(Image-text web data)
• • •
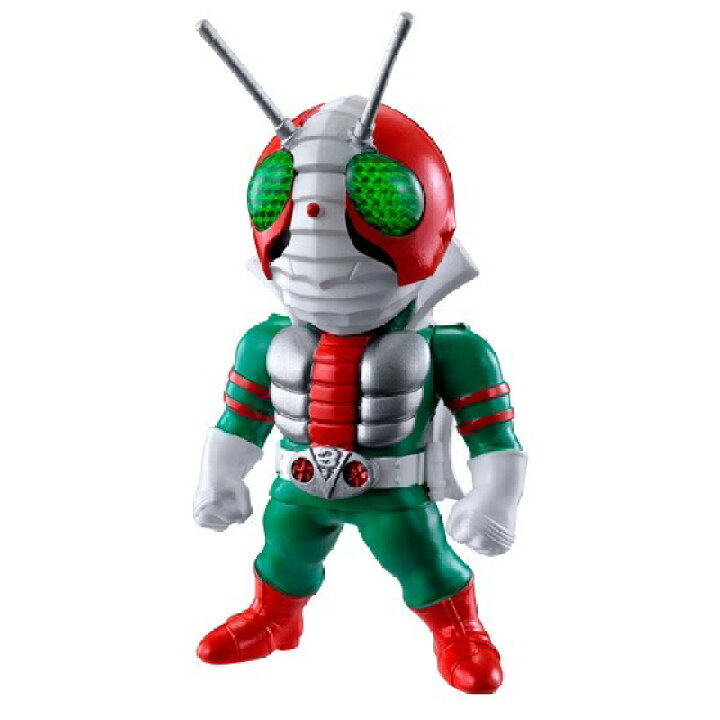 楽天市場】仮面ライダーV3 [70] 【 食玩 CONVERGE KAMEN RIDER 12 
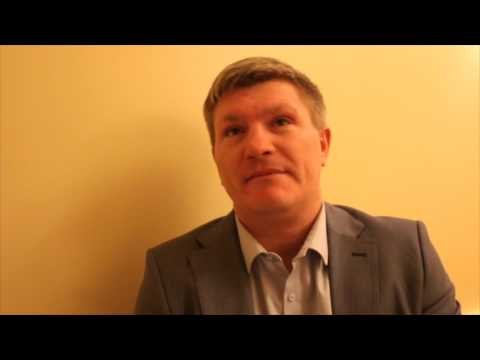 RICKY HATTON ON TYSON FURY - ANTHONY JOSHUA, LUCAS BROWNE SITUATION & HIS HEAVYWEIGHT NATHAN GORMAN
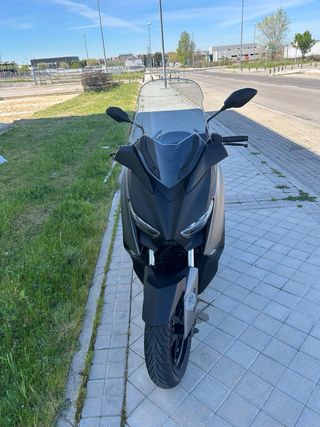 Yamaha Xmax 300 Maxi Scooter 2017 33.000 km
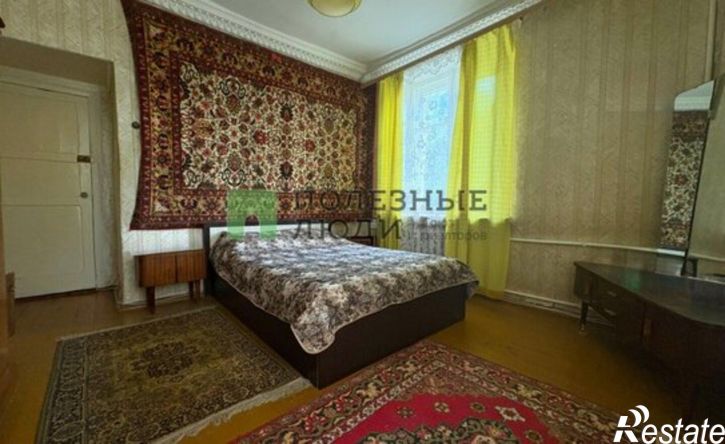 4-комн квартира Октябрьская улица, 48,  д. 48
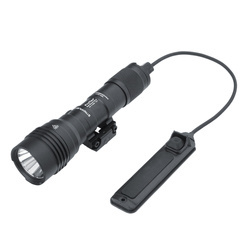 Streamlight - Тактичний ліхтар ProTac Railmount HL-X - 1000 лм - Picatinny - Чорний - L-88066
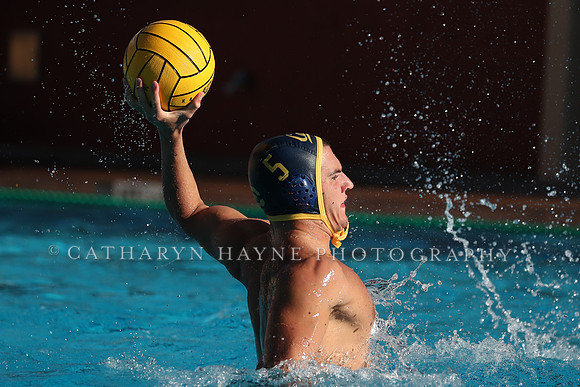 Collegiate Mens Water Polo: MPSF Invitational: California Golden Bears vs UC Santa Barbara Gauchos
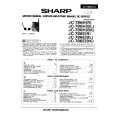 SHARP JC-786E(BK) Instrukcja Serwisowa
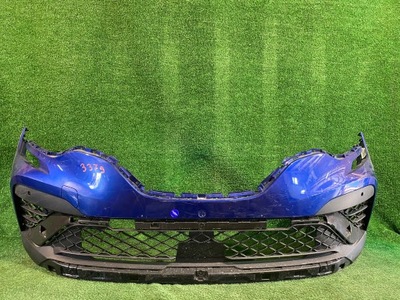 Бампер передний перед renault captur ii rs-line фото №1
• • •
Omit every picture, then write out the entries above exactly.

 楽天市場】仮面ライダーV3 [70] 【 食玩 CONVERGE KAMEN RIDER 12 
 RICKY HATTON ON TYSON FURY - ANTHONY JOSHUA, LUCAS BROWNE SITUATION & HIS HEAVYWEIGHT NATHAN GORMAN
 Yamaha Xmax 300 Maxi Scooter 2017 33.000 km
 4-комн квартира Октябрьская улица, 48,  д. 48
 Streamlight - Тактичний ліхтар ProTac Railmount HL-X - 1000 лм - Picatinny - Чорний - L-88066
 Collegiate Mens Water Polo: MPSF Invitational: California Golden Bears vs UC Santa Barbara Gauchos
 SHARP JC-786E(BK) Instrukcja Serwisowa
 Бампер передний перед renault captur ii rs-line фото №1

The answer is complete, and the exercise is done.